Dataset extract:
*** Block opens ***

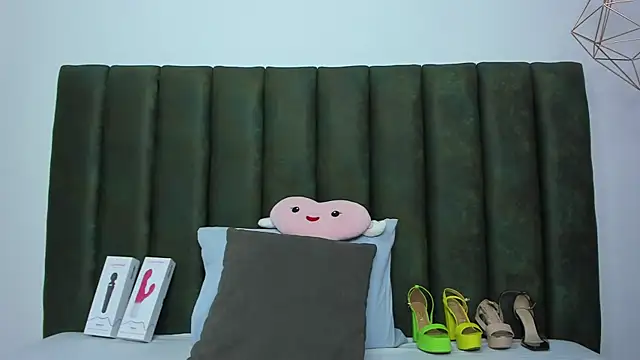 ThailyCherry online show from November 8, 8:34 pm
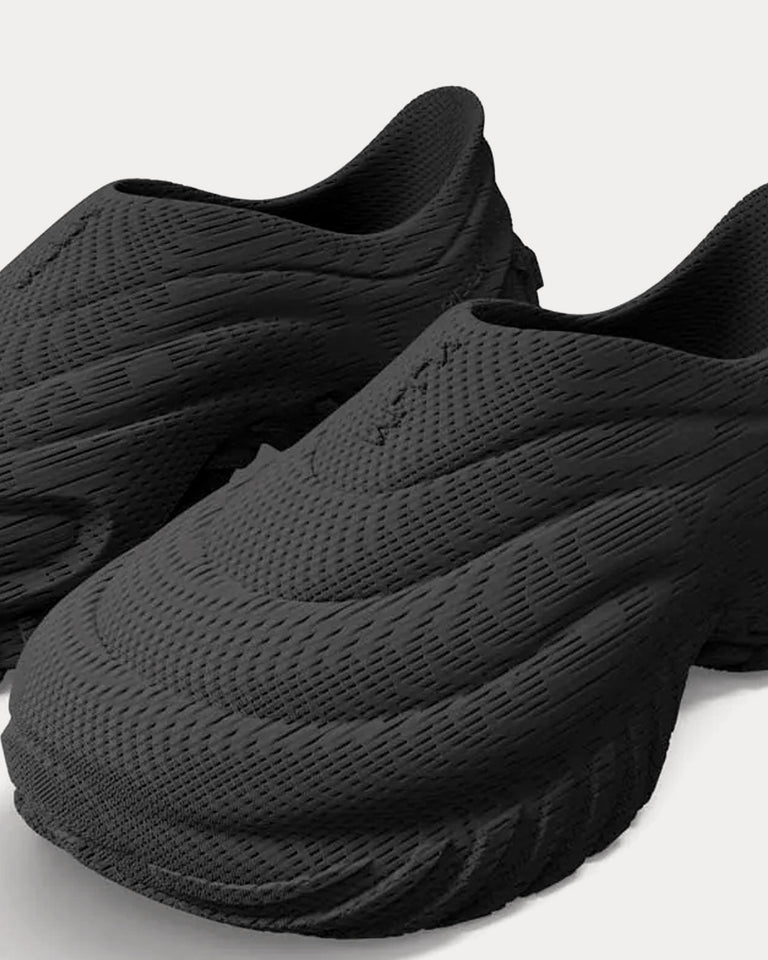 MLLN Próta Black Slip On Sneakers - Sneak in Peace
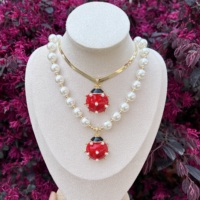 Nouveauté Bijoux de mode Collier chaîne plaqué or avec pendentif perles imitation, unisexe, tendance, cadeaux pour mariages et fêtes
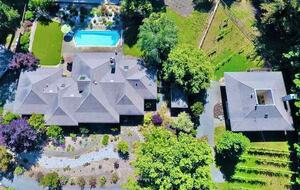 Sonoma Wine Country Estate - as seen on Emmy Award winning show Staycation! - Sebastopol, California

*** Block closes ***
*** Block opens ***

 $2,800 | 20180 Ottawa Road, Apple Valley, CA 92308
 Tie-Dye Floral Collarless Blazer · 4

*** Block closes ***

Output only the lines above from the line that holds "ThailyCherry online show" through the line that holds "Nouveauté Bijoux de", both ends included, and exclude pictures.

 ThailyCherry online show from November 8, 8:34 pm
 MLLN Próta Black Slip On Sneakers - Sneak in Peace
 Nouveauté Bijoux de mode Collier chaîne plaqué or avec pendentif perles imitation, unisexe, tendance, cadeaux pour mariages et fêtes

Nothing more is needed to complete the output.